Os perímetros “novos” (?) vão pelo mesmo caminho: Platôs de Guadalupe (1987, 32 anos, com 14.957ha) e Tabuleiros Litorâneos (1980, 30 anos, com 8.807ha) ainda têm por implantar estrutura para 86,56% e 69,16% de suas respectivas áreas irrigáveis.

É por isso que fica sempre a pergunta quando se anuncia uma nova “dotação” para os perímetros, sobretudo Platôs e Tabuleiros, os maiores, à margem do Parnaíba, e com grandes investimentos já feitos: Quais os recursos necessários para concluir a estrutura? Qual o cronograma de desembolso previsto? A impressão que fica é que as liberações dependem do prestígio junto à Presidência da República ou ao Ministério do “político da vez”. E esse tipo de liberação, em geral, se associa ao clientelismo político. Fico triste porque parece que, nos governos petistas, a coisa não foi muito deferente.

A concepção dos perímetros irrigados do DNOCS é boa, é como a dos assentamentos do INCRA: nasceram para um dia “acabar”, mudar de status. Os “colonos” ou irrigantes e assentados terão suas terras emancipadas e tituladas. Com tanta demora, essa meta final vai perdendo sua força motivadora.

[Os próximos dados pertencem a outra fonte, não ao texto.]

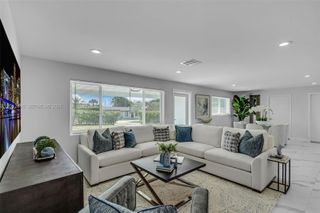 465 NW 11th St, Boca Raton, FL 33432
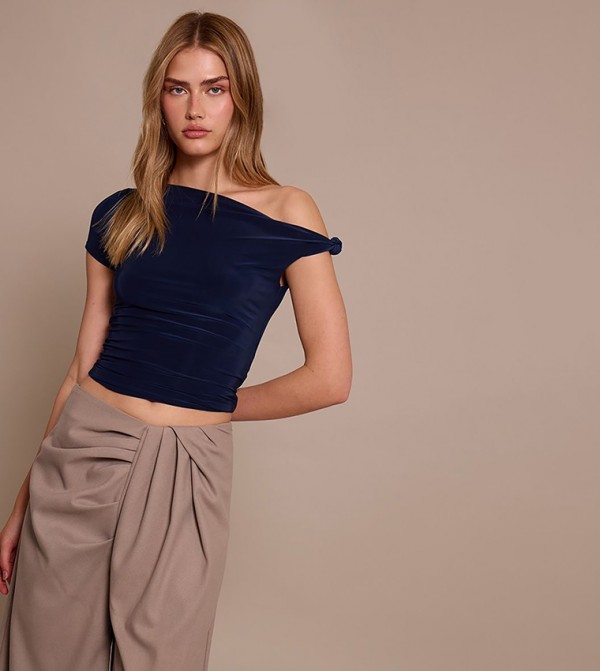 كروب توب بعقدة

E aqui se coloca um novo problema, que implica uma opção política que tem implicações não só técnicas (produzir), mas sociais e até éticas: para quem é oferecido a estrutura que envolve tanto dinheiro público?

De início, todos os beneficiários deveriam ser agricultores familiares que passariam a produzir para o mercado e com condições de ter uma dupla safra anual ou mesmo colheita permanente, vencendo a pobreza e – o mais importante – demonstrando a possibilidade de convivência produtiva com o semiárido.

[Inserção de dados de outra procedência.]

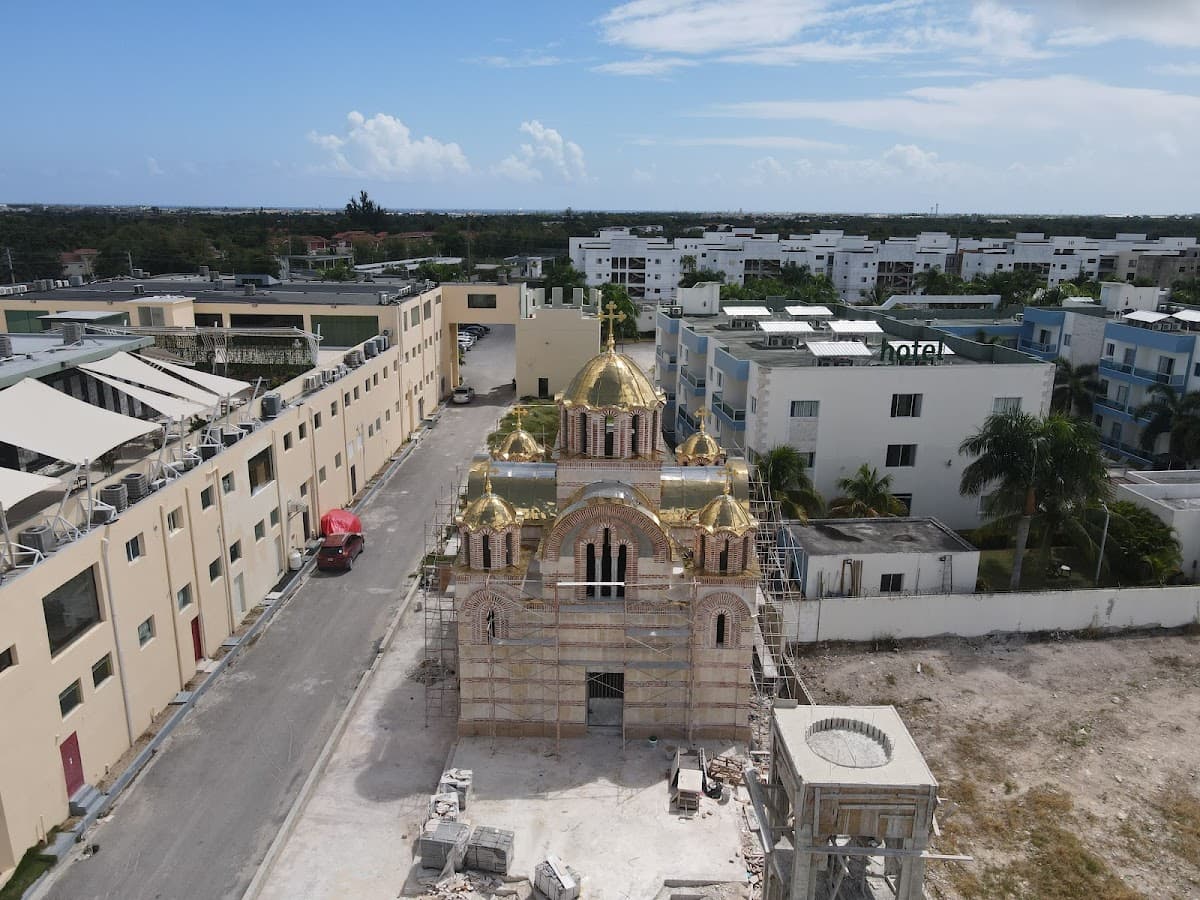 Iglesia techo dorado - Imagen 2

Em etapa posterior, a legislação permitiu e incentivou a mobilização de engenheiros agrônomos e técnicos agrícolas como produtores. Uma ótima ideia, pois sua presença teria uma efeito-demonstração ou mesmo de atuação sistemática junto aos demais irrigantes.

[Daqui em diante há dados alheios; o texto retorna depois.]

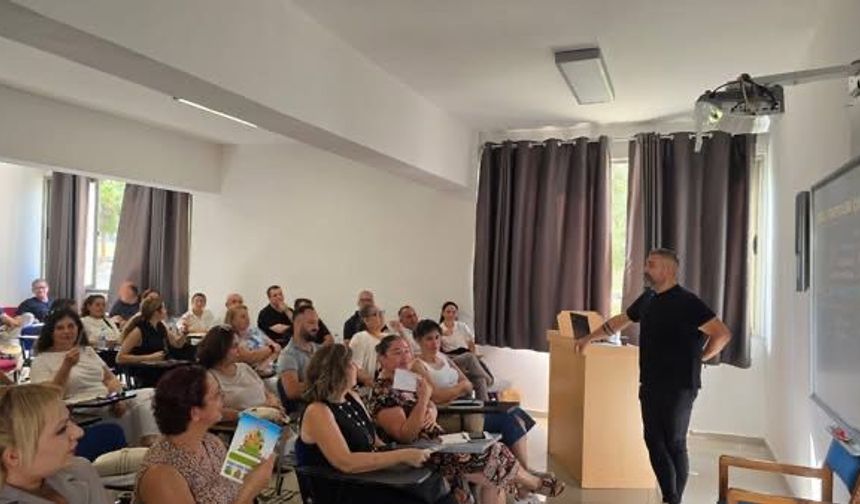 Öğretmenlere yönelik hizmet içi eğitim programı başladı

Dos seis perímetros do Piauí, apenas o do Gurgueia tem 3 técnicos agrícolas e 3 agrônomos como irrigantes e o dos Tabuleiros litorâneos tem 6 agrônomos como irrigantes. Esses produtores, nos dois perímetros, ocupam 129,50 hectares, uma média de 10 hectares por produtor.

Nos anos recentes, a partir do Governo Fernando Henrique e mantida nos governos petistas e até hoje, abriu-se a possibilidade para participação de empresas nos perímetros irrigados. No Piauí, temos a presença de empresas nos perímetros do Gurgueia, Platôs de Guadalupe e Tabuleiros Litorâneos. No Gurgueia, são apenas duas empresas, ocupando 87 hectares. Mas, nos Platôs, já são 14 empresas e nos Tabuleiros já são 17. Nos Platôs as empresas usam 1.529ha e os 186 pequenos produtores usam 480ha; nos Tabuleiros, as empresas usam 1.621ha e os pequenos produtores usam 541hs.  E essa concentração de trra nos perímetros tente a aumentar.

Essa política pública precisa ser fundamentada. Vai acelerar o aumento da irrigação e com certeza aumentará a produtividade. Mas, é uma ótima oportunidade de justiça social produtiva no campo que se perde. E sobretudo precisa ser repensado o sentido do investimento público. Tem sentido investir sem contrapartida na estrutura de irrigação para entregá-la a empresas e, algumas delas, grandes empresas do agronegócio como a Terra Cal e a Progresso, nos Platôs.

Precisamos acelerar as coisas; elas vêm se arrastando por 30, 40, 50 anos até. Seria interessante reservar um percentual da área (60 a 75%) para pequenos e médios produtores, dando-lhes as condições de crédito e assistência técnica efetiva, focada e não ineficiente como tem sido. E para o restante, pensar em algum tipo de Parceria Público-Privada com contrapartida no próprio investimento que falta nos perímetros.

Será que vai ser anunciada alguma coisa em Parnaíba?